This section is from the book "A Treatise On Beverages or The Complete Practical Bottler", by Charles Herman Sulz. Also available from Amazon: A Treatise On Beverages.
The contamination of the water by contact with metals has been a source of considerable anxiety to the manufacturers of carbonated waters. Contact with lead or any other easily oxidized metal must be avoided. There is no difficulty in securing this object by a coating of tin or silver, but when particles of metal are introduced by attrition it is not so easy to suggest a remedy. We occasionally hear of metallic impregnations in water, especially those containing citric or tartaric acid, and we would just suggest that before we attribute this to defects in the mechanical appliances, it will be better to see if the materials are free from fault. These acids are usually crystallized in lead-lined vessels, and are more frequently impregnated with this metal than most people are aware of.
Injury to lead by contact with lime is well worthy of consideration. It is extraordinary that this effect should have been so entirely ignored, as it has long been known that water, impregnated with lime, when passed through leaden pipes, becomes extremely injurious, simply from its taking up by some chemical process a certain amount of the lead, whereas the limewater itself would not be dangerous. Prof. Angel, in the National Bottlers' Gazette, says on this subject:
"It is of the utmost importance to know whether water used for drinking purposes contains lead. A little gradually taken into the system does not pass off, but accumulates until the quantity is sufficient to result in bad if not fatal consequences. Since the poison is so insidious in its action, one does not receive warning until it is too late.
"If a piece of bright lead is exposed to moist air, it soon becomes tarnished from the formation of a thin film of protoxide of lead, produced by the action of atmospheric oxygen. If this piece of lead should be now placed in water perfectly pure and free from air, the oxide would dissolve, leaving the metal bright, after which there would be no further action, since no more oxide could form. But if air had access to the water, the twofold action of oxidation and solution would continue together, and the surface of the metal would remain more or less bright, 4 according as the oxide is formed faster or slower than it can dissolve. If some sulphate or carbonate be now added to the water, these salts immediately react with the oxide to form on the metal an insoluble coating of carbonate or sulphate of lead, which, being insoluble in water, prevents further action. These facts explain the behavior of natural waters towards lead. In the first place the protoxide of lead is always formed, which dissolves if the water does not contain the necessary saline constituents to prevent it. Water that contains any salt of lime or magnesia in excess is called hard water. Generally these bases are present in the form of carbonates or sulphates; hence the commonly accepted view, that hard water does not act on lead. But here is an error that must be guarded against. The water fails to act on lead, not because it is hard, but because it contains sulphates or carbonates. A soft water containing sulphates or carbonates of the alkalies has no action on lead. On the other hand, a water hard from the presence of carbonate of lime or magnesia frequently acts on lead freely, because the same acid that dissolves them and explains their presence, also dissolves carbonate of lead. Hence it is plain that some very hard waters, highly charged with carbonic acid, readily act on lead. The decomposition of organic matter produces carbonic acid; consequently the presence of organic matter facilitates the action of water on lead. Nitrates dissolve lead freely. The metal should not be used in waters containing them. Sulphates in water protect lead most, since the sulphate of lead is insoluble in water and acids. Carbonates are next in order. The carbonate of lead is insoluble in water, but soluble in acids - even the weak carbonic acid.

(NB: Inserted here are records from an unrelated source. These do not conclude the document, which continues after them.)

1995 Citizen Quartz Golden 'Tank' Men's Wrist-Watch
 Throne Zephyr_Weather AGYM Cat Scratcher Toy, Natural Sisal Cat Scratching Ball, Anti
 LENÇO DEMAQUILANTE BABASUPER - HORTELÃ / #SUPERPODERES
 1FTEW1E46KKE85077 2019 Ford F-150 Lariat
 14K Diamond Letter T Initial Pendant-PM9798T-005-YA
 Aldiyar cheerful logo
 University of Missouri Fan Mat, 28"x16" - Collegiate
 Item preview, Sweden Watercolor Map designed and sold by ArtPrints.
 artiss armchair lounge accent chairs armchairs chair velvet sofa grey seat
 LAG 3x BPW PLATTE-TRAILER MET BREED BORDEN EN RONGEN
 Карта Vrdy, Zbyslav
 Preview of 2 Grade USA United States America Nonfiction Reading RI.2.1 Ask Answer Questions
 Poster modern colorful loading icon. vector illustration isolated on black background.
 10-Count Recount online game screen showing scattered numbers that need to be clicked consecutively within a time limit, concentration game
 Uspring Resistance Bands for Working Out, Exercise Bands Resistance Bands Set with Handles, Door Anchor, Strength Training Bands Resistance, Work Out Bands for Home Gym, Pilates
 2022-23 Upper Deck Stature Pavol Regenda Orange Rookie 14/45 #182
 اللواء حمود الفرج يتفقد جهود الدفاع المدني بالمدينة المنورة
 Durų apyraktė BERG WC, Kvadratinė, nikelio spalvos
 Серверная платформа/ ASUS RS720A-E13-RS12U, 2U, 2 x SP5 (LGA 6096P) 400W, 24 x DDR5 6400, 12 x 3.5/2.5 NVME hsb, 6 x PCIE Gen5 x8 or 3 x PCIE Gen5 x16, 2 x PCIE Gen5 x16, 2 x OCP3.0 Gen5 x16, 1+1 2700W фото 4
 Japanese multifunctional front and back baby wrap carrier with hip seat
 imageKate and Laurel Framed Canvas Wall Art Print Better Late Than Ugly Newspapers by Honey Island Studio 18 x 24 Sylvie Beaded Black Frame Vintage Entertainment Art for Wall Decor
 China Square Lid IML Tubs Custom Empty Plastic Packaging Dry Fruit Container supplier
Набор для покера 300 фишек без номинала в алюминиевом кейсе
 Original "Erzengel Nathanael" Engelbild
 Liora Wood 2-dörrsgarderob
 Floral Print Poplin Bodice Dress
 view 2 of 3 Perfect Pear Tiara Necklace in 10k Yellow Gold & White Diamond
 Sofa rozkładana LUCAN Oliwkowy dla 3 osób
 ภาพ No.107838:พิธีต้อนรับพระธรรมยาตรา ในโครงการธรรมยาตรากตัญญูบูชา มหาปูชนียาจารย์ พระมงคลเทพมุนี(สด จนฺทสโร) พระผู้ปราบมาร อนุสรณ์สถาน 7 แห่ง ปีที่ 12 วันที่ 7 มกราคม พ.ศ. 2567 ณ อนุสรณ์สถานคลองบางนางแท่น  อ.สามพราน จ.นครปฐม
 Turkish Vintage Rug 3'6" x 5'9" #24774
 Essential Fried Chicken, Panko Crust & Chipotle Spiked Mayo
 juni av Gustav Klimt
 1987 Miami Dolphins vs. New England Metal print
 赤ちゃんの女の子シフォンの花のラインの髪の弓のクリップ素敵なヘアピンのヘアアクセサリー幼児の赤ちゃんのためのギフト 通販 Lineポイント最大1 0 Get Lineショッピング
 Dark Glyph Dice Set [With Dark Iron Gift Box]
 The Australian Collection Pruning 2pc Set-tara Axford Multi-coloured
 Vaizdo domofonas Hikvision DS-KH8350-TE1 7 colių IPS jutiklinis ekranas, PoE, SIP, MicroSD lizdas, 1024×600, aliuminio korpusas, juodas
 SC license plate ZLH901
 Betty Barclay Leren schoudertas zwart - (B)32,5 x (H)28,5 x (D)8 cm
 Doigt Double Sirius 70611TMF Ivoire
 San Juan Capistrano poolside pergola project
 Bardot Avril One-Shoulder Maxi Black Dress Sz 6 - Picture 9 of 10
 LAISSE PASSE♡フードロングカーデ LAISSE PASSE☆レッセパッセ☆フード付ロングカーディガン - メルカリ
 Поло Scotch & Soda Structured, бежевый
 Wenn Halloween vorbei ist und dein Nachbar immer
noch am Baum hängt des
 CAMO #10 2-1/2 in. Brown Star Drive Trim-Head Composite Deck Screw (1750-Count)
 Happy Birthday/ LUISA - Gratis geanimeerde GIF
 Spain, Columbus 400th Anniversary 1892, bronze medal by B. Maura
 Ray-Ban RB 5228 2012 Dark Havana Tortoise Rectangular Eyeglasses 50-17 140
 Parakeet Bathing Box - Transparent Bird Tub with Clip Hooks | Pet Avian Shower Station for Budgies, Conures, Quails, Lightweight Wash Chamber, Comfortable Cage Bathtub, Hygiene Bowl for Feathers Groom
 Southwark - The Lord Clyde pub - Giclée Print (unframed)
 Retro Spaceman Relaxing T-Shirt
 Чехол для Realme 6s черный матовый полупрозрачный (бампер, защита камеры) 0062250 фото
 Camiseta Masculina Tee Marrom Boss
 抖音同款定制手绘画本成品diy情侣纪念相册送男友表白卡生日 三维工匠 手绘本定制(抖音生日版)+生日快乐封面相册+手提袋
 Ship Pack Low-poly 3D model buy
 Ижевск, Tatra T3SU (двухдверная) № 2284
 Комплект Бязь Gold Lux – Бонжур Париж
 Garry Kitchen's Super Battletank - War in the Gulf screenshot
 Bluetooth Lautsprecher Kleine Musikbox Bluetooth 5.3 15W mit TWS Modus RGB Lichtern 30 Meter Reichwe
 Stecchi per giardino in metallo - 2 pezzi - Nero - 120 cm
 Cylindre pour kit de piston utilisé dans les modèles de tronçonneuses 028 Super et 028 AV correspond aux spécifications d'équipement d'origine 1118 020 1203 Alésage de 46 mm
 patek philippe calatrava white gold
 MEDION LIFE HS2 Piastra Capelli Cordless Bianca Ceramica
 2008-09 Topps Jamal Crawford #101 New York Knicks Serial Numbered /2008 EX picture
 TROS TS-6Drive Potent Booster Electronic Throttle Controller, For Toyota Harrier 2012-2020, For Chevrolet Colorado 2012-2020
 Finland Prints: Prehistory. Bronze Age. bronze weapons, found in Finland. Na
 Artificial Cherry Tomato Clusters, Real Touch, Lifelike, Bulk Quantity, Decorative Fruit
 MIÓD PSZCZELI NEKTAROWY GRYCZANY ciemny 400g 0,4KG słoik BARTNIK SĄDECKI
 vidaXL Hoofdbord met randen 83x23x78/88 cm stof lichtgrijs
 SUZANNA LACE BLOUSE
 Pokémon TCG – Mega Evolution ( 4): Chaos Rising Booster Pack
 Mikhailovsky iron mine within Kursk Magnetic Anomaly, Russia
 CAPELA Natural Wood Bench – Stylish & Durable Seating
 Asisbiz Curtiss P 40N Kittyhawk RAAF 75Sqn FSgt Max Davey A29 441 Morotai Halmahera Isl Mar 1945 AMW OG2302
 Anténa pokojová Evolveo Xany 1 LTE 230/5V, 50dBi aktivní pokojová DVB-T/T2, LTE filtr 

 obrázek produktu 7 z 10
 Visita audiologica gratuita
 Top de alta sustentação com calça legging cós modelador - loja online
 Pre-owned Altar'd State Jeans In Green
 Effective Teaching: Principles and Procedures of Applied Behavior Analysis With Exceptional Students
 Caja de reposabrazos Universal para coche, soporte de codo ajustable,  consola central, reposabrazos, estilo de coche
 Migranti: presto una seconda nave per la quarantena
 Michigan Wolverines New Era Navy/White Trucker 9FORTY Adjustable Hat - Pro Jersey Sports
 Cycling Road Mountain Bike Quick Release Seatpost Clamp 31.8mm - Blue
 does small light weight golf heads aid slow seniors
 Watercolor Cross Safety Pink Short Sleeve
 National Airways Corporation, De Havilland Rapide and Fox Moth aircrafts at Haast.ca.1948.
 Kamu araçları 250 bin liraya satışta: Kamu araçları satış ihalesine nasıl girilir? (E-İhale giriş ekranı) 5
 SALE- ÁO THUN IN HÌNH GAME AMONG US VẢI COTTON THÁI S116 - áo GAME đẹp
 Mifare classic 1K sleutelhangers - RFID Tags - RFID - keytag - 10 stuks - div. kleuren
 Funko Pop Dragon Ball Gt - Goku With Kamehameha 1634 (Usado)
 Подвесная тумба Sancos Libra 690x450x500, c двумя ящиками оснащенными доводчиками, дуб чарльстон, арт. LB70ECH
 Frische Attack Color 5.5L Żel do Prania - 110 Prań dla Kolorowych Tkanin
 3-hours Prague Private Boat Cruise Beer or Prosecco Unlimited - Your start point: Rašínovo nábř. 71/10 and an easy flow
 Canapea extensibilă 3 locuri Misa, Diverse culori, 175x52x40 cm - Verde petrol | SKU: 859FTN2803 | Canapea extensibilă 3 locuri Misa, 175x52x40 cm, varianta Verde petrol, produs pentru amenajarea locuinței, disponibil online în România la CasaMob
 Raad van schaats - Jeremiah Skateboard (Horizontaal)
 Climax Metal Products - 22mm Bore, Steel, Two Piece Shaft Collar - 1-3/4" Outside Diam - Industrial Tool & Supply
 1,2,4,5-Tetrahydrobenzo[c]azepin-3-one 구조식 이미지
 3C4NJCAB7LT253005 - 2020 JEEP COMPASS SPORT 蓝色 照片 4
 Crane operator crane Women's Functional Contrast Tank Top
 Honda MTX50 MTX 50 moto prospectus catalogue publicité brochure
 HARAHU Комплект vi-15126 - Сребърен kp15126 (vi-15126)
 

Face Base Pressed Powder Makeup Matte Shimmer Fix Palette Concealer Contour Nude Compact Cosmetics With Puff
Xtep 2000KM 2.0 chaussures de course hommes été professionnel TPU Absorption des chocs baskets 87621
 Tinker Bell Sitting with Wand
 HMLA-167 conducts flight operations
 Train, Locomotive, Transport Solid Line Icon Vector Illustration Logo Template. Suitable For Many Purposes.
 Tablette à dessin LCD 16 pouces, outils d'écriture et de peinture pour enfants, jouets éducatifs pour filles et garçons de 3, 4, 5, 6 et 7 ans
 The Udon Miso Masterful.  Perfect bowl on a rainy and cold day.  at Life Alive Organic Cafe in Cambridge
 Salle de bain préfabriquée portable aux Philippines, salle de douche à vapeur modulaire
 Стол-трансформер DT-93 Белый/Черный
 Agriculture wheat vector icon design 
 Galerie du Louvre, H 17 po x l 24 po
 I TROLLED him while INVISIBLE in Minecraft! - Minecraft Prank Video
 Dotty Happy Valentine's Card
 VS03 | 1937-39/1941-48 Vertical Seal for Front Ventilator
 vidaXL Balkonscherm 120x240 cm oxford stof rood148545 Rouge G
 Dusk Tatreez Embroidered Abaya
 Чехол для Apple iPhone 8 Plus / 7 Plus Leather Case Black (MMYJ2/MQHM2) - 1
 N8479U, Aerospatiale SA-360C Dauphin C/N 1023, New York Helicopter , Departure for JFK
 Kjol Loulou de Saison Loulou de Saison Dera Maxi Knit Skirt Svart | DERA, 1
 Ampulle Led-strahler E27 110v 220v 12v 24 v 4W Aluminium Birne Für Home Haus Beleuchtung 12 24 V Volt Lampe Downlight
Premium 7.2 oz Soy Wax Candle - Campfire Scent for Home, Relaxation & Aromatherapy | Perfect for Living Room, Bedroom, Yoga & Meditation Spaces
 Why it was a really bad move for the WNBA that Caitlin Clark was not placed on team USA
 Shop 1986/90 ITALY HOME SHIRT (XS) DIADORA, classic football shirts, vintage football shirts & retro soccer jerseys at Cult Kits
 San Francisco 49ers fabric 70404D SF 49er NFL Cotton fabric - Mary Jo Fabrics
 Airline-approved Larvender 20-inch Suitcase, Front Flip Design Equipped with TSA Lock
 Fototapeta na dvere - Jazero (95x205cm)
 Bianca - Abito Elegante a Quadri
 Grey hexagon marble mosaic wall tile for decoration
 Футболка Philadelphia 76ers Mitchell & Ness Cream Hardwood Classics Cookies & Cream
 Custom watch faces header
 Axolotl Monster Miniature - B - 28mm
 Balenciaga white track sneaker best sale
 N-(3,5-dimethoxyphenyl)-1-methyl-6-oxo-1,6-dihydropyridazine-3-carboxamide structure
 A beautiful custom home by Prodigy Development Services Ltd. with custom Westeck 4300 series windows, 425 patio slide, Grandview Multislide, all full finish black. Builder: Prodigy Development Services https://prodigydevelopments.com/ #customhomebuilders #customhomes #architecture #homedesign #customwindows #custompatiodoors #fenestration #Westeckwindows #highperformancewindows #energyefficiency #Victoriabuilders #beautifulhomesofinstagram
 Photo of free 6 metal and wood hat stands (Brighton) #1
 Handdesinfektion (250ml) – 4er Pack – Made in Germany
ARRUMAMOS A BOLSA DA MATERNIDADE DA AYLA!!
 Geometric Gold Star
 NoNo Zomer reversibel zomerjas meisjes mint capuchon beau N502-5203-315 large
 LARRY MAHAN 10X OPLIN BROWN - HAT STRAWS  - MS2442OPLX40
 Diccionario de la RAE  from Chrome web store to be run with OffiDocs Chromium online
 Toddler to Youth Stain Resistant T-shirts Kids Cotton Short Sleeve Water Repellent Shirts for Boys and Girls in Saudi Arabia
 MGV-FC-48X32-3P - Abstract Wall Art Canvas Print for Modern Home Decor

"Water that is hard is so, generally, from the presence of sulphates or carbonates of lime and magnesia, so that ordinarily it might be considered safe to use lead in hard water. But since there are exceptions both against hard water and in favor of soft water, the only safe way is to test every water in which lead is used.
"Another rough method is, to observe whether the surface of lead which has been in water for some time is bright and shining, like newly cut metal, or is dull in color, very gray, or brownish. Too much reliance should not be placed upon the color, for the oxide may not dissolve fast enough to keep the metal bright, and yet not much may dissolve. However, if the surface is bright and clear the evidence is decisive; for it would not be if the oxide did not dissolve".
It is best to have the pipes through which the water runs, of iron or of pure solid tin - lead should be entirely dispensed with.
The storage cisterns should be of wood, or, best of all, of slate. If 1/10 of a grain of lead per gallon is present in water, it is dangerous for drinking and should be rejected.